Müssen Lehrer wirklich sein? Nicht aus der Perspektive sparwütiger Politiker, sondern aus der von Schülern und Lehrern stellt Reinhard Kahl diese Frage in seinem Film Die Dritten kommen – Eine Schule erfindet sich neu. Die Dokumentation über ein Modellprojekt an einer Hauptschule in Berlin ist heute im Lichtmeß zu sehen.

Die „Dritten“, das sind Bildhauer, Schauspieler, Tontechniker, Programmierer oder ein Akrobatiklehrer. Die Ferdinand-Freiligrath-Schule holte sie Anfang der 90er probeweise für freiwilligen Unterricht an Bord. Denn die Kreuzberger Hauptschule steckte erheblich in der Krise. Vernagelte Fenster, gewalttätige Auseinandersetzungen, unmotivierte und indolente Schüler, von denen noch dazu fast 50 Prozent vor dem Abschluss abgingen.

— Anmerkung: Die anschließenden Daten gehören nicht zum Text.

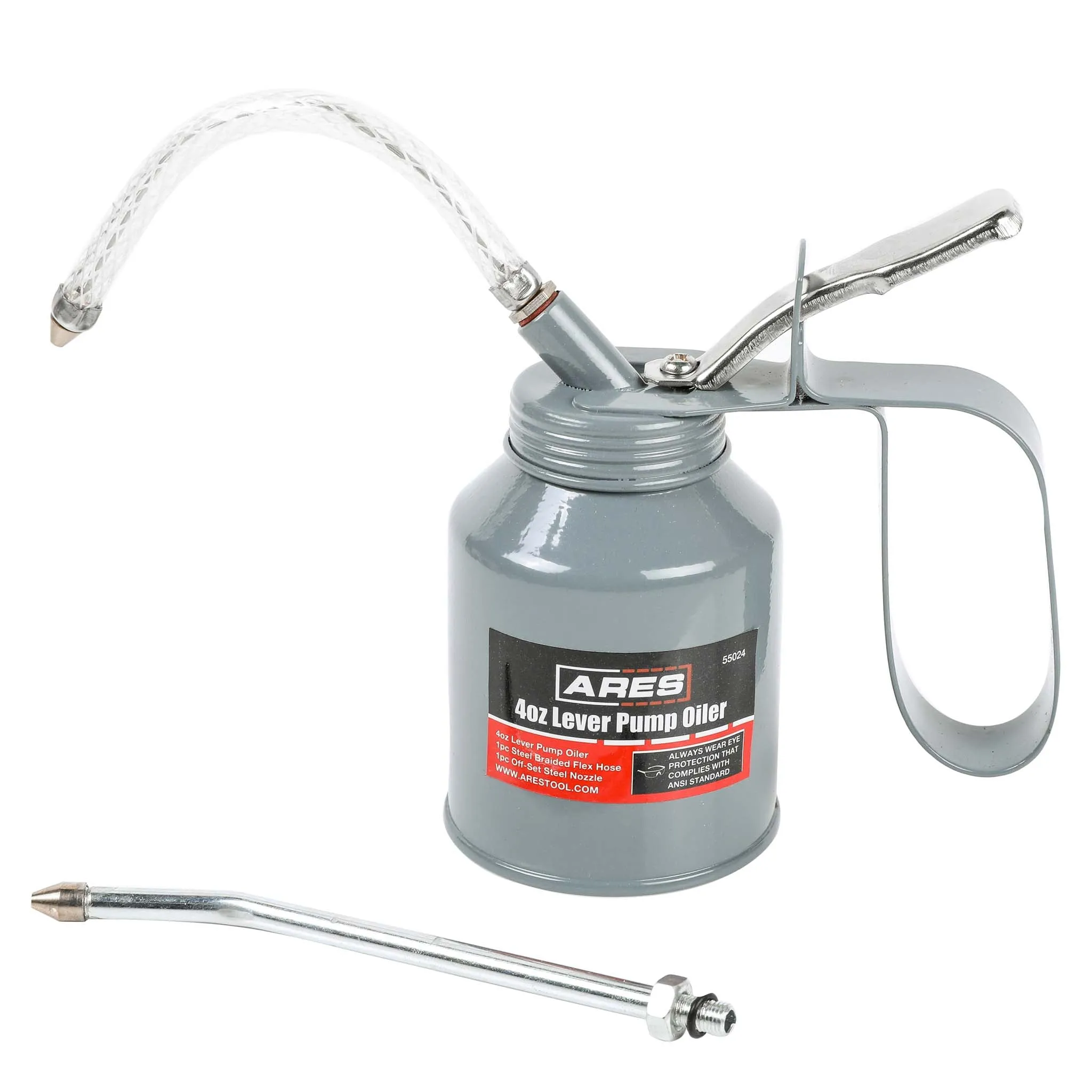 ARES 55024 - 4oz Gray Lever Style Oiler Can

Für das schlechte Abschneiden Deutschlands bei der Pisa-Studie wurde eine genauso schnelle wie verkürzte Erklärung gefunden: Schuld seien die schlecht deutsch sprechenden Ausländerkinder. Kahls Dokumentation, 2000 fertig gestellt, also vor Veröffentlichung der Studie, entdeckt ganz andere, strukturelle Probleme. Offenbar ist die Situation im herkömmlichen Unterricht nicht geeignet, die Schüler zum Lernen zu motivieren. Denn das Projekt zeigte, dass die so genannten Dritten sehr wohl in der Lage waren, die Schüler in ihren Bann zu ziehen.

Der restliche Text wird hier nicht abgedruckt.